Eight of the US' largest high-technology companies, consumer electronics makers and movie studios were yesterday to announce a system for licensing and distributing movies and other content produced with the latest digital media technology.
The collaboration among Intel, IBM, Microsoft, Sony, Toshiba, Panasonic, Walt Disney and Time Warner is intended to help prevent the delays and problems that have plagued the rollout of new digital formats in the past.
"This will settle a lot of problems," said Richard Doherty, president of Envisioneering, a technology research and consulting company based in Seaford, New York.
"A lot of content isn't going to get to consumers without something like this," he said.
The specification, called the Advanced Access Content System, will be available by the end of the year to movie studios, producers, consumer electronic manufacturers and other companies involved in the distribution of the next generation of digital media content.

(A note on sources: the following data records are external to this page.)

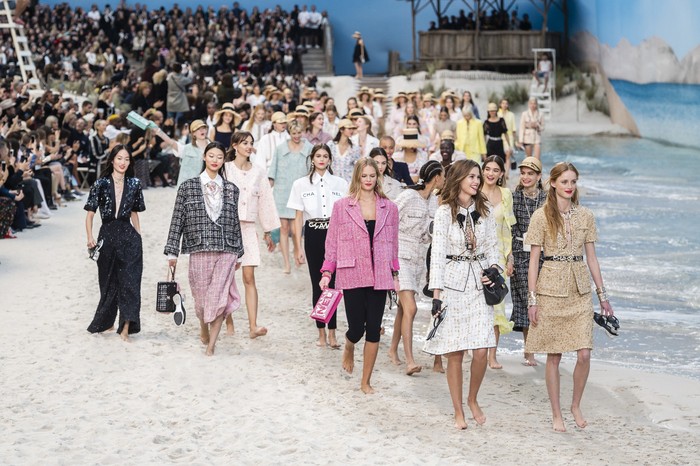 Untuk koleksi spring/summer 2019, pantai menjadi sumber inspirasi. Tak hanya pasir, Chanel bahkan menghadirkan 'laut' lengkap dengan deburan ombak. Foto: livingly.com/IMAXtree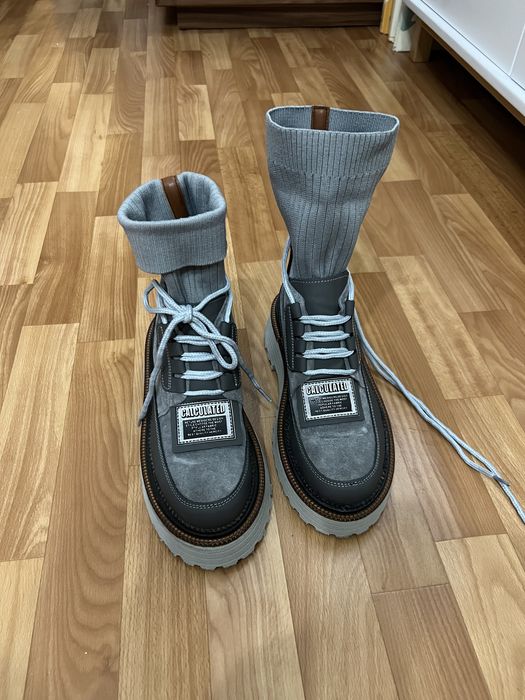 женские осенние замшевые ботинки 38го размера (по факту 39го )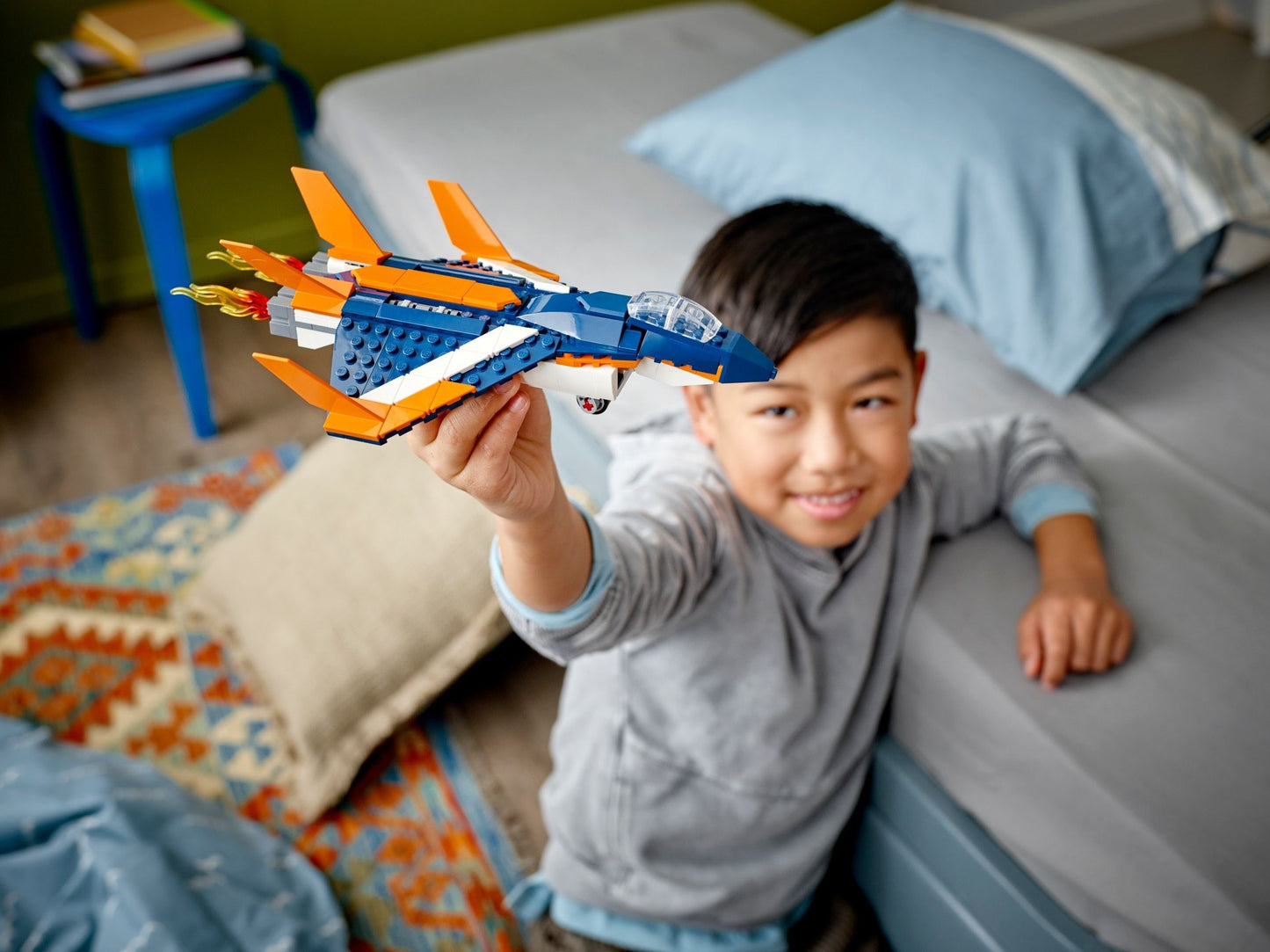 LEGO® Creator 3 in 1 - Avion supersonic 31126, 215 piese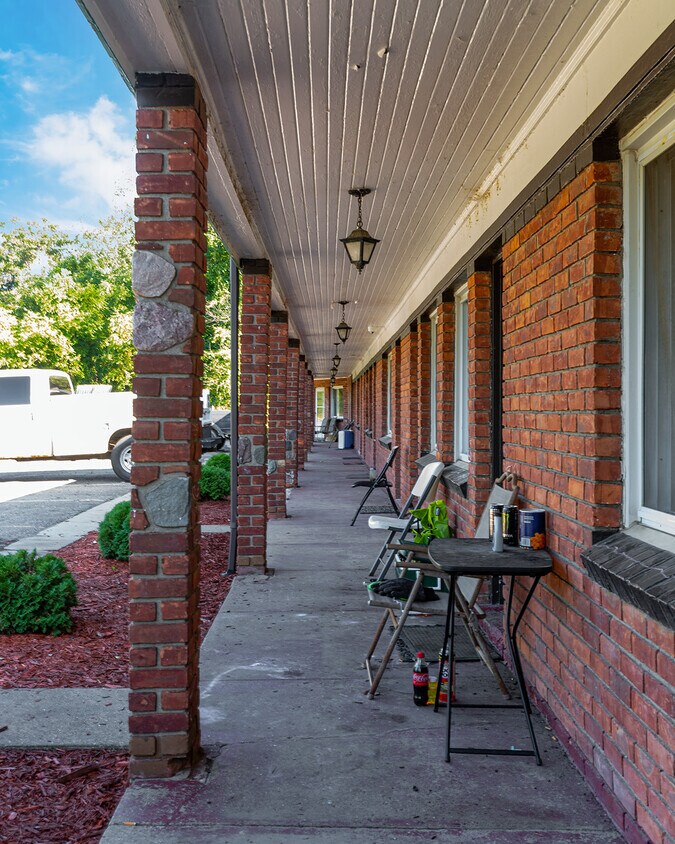 16200 Dixie Hwy, Davisburg, MI 48350 Parkway Efficiency Apartments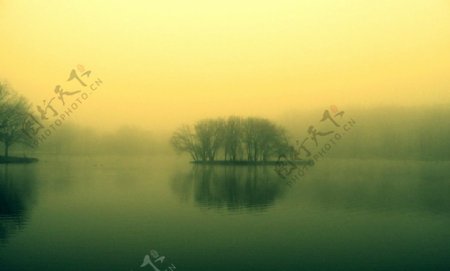 湖霧图片
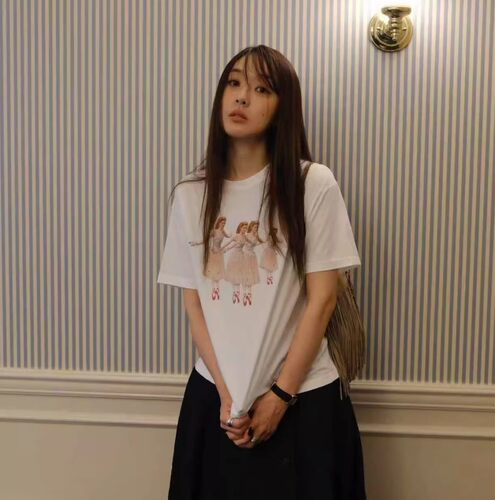 韩国fletta雕塑人物印花T恤短袖
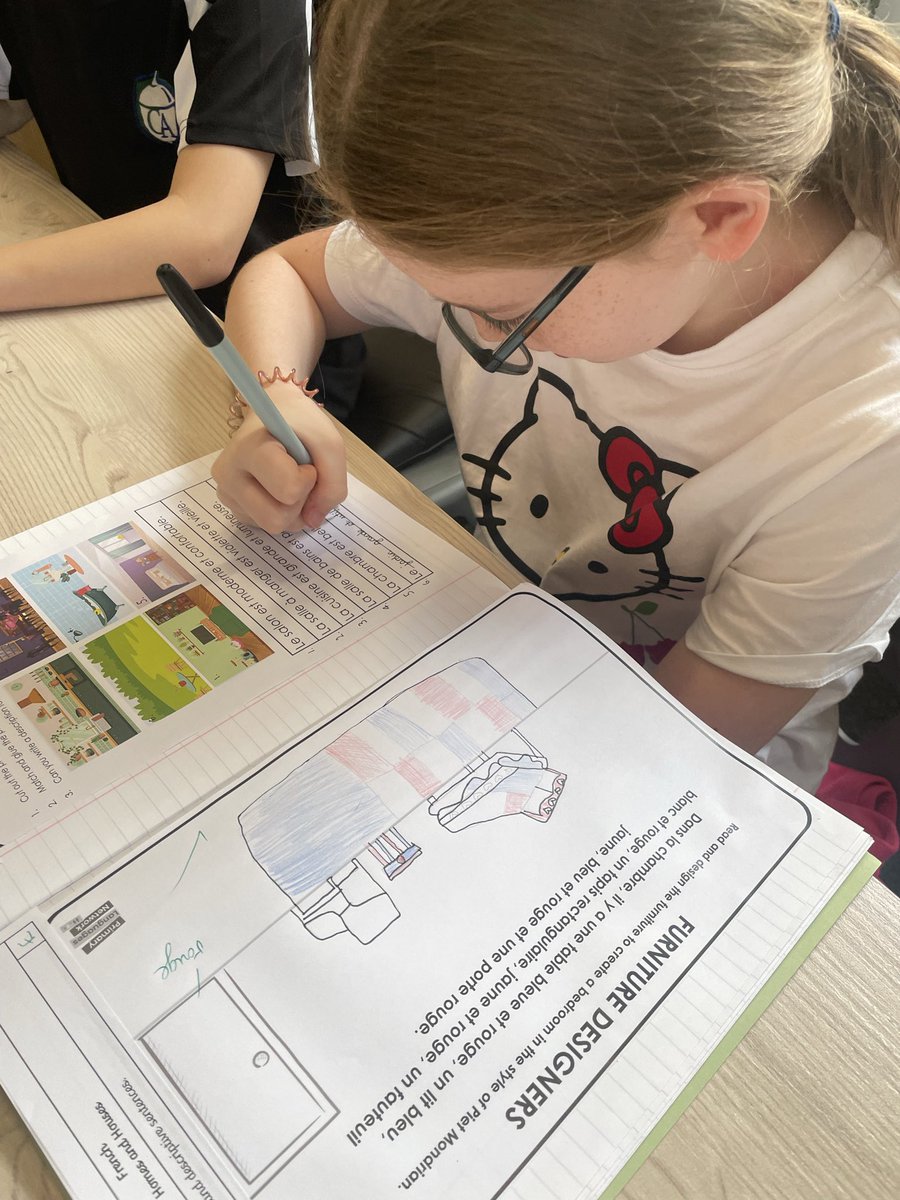 CalveleyAcademy's tweet image. Oak class have been using French adjectives to describe rooms in a house. Afterwards, they used these to write descriptive sentences. 🇫🇷 #french #mfl #adjectives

By adhering to a single specification, content owners and makers of devices such as portable media players and home media networks can better ensure that their products work together and that their copyrights are protected.
For example, consumers would be able to buy one copy of a movie and view it on multiple devices, such as TVs and desktop computers.
The project is a departure for the movie studios, which have typically been on the receiving end of new licensing schemes and technical standards rather than being involved from the start.
"Helping to develop the technology rather than just licensing it allows us to be proactive in addressing issues," said Sandra Aistars, senior counsel for intellectual property at Time Warner and chairman of the group.
With the involvement of Walt Disney and Warner Brothers, the effort represents 40 percent of the market for home videos today, making it more likely the new format will be successful.
Doherty said the new specification and licensing model will make it easier for movie studios to distribute their latest films on the most advanced formats, like those for the next-generation portable media players recently announced by Microsoft and Hewlett-Packard.